Exercise data>
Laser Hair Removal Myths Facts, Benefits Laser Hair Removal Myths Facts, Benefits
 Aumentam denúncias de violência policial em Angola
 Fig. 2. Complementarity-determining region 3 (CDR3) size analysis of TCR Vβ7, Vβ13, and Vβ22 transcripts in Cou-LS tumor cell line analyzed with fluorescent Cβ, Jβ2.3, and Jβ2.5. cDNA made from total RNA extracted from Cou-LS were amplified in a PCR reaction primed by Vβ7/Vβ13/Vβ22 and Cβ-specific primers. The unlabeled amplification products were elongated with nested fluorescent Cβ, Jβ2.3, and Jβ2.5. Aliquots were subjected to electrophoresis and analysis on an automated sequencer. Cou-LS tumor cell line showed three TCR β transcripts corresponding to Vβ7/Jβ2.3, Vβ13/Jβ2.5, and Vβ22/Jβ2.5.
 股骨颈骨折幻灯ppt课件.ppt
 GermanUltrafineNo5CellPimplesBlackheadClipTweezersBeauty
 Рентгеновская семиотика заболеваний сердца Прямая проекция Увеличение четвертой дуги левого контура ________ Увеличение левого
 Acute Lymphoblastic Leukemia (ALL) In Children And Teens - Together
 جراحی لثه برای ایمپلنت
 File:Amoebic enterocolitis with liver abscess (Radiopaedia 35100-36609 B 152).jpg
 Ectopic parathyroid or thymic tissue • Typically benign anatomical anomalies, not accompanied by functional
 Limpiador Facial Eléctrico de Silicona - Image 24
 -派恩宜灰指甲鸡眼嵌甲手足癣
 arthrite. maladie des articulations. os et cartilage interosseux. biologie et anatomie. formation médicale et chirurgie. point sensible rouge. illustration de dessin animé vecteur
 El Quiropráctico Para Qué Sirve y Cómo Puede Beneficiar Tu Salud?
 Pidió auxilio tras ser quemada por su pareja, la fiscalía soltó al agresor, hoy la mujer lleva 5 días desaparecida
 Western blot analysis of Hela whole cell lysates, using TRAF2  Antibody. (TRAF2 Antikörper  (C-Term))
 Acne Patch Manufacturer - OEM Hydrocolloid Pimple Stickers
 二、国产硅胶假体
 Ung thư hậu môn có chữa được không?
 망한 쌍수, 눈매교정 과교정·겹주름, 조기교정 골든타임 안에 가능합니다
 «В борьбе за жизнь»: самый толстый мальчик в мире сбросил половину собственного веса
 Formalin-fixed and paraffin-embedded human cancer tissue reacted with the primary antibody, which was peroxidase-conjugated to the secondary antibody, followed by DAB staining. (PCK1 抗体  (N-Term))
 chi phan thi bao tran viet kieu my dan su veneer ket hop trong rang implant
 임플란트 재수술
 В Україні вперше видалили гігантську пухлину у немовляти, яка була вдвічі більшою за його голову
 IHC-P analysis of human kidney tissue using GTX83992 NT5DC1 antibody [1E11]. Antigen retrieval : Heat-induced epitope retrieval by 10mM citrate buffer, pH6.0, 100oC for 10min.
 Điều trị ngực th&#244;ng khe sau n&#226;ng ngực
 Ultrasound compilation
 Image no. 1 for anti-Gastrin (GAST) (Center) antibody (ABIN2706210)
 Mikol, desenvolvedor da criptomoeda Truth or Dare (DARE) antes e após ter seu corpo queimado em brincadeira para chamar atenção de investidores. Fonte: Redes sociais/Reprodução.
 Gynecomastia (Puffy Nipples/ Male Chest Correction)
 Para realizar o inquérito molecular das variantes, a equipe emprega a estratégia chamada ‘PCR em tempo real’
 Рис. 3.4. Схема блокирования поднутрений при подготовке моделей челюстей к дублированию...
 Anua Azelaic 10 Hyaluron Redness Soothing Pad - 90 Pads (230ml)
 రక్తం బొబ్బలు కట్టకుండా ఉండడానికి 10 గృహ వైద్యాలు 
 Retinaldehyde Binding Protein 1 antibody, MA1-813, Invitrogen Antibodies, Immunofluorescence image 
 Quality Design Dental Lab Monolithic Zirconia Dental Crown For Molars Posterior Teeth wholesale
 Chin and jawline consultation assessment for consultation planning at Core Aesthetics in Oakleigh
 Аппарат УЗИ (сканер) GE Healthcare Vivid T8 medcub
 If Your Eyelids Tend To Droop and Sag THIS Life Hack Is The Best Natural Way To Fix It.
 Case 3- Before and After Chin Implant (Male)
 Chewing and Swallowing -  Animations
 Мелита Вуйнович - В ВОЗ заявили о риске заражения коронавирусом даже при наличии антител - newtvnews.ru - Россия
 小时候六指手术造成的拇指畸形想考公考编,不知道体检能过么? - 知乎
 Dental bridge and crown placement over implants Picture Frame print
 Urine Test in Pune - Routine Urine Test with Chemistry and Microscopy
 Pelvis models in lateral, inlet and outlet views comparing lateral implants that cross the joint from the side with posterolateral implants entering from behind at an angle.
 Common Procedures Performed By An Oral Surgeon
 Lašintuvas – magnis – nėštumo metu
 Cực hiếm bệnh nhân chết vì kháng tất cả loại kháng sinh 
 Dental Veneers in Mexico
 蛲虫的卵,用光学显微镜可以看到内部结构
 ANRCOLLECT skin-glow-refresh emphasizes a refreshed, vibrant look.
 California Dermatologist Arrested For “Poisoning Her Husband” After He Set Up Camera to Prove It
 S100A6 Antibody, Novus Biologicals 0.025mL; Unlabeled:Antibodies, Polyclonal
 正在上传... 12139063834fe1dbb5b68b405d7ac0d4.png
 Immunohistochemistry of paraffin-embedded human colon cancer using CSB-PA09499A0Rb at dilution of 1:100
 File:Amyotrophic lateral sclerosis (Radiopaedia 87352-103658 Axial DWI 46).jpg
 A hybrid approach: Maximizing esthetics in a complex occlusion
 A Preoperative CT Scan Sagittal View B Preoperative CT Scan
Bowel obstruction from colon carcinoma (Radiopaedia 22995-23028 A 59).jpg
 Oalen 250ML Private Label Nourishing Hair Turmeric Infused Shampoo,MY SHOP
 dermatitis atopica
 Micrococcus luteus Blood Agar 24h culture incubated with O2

Exercise aim>
Please retype the top of the data exactly, down to and including the line that holds "-派恩宜灰指甲鸡眼嵌甲手足癣", and nothing further.

Response area>
Laser Hair Removal Myths Facts, Benefits Laser Hair Removal Myths Facts, Benefits
 Aumentam denúncias de violência policial em Angola
 Fig. 2. Complementarity-determining region 3 (CDR3) size analysis of TCR Vβ7, Vβ13, and Vβ22 transcripts in Cou-LS tumor cell line analyzed with fluorescent Cβ, Jβ2.3, and Jβ2.5. cDNA made from total RNA extracted from Cou-LS were amplified in a PCR reaction primed by Vβ7/Vβ13/Vβ22 and Cβ-specific primers. The unlabeled amplification products were elongated with nested fluorescent Cβ, Jβ2.3, and Jβ2.5. Aliquots were subjected to electrophoresis and analysis on an automated sequencer. Cou-LS tumor cell line showed three TCR β transcripts corresponding to Vβ7/Jβ2.3, Vβ13/Jβ2.5, and Vβ22/Jβ2.5.
 股骨颈骨折幻灯ppt课件.ppt
 GermanUltrafineNo5CellPimplesBlackheadClipTweezersBeauty
 Рентгеновская семиотика заболеваний сердца Прямая проекция Увеличение четвертой дуги левого контура ________ Увеличение левого
 Acute Lymphoblastic Leukemia (ALL) In Children And Teens - Together
 جراحی لثه برای ایمپلنت
 File:Amoebic enterocolitis with liver abscess (Radiopaedia 35100-36609 B 152).jpg
 Ectopic parathyroid or thymic tissue • Typically benign anatomical anomalies, not accompanied by functional
 Limpiador Facial Eléctrico de Silicona - Image 24
 -派恩宜灰指甲鸡眼嵌甲手足癣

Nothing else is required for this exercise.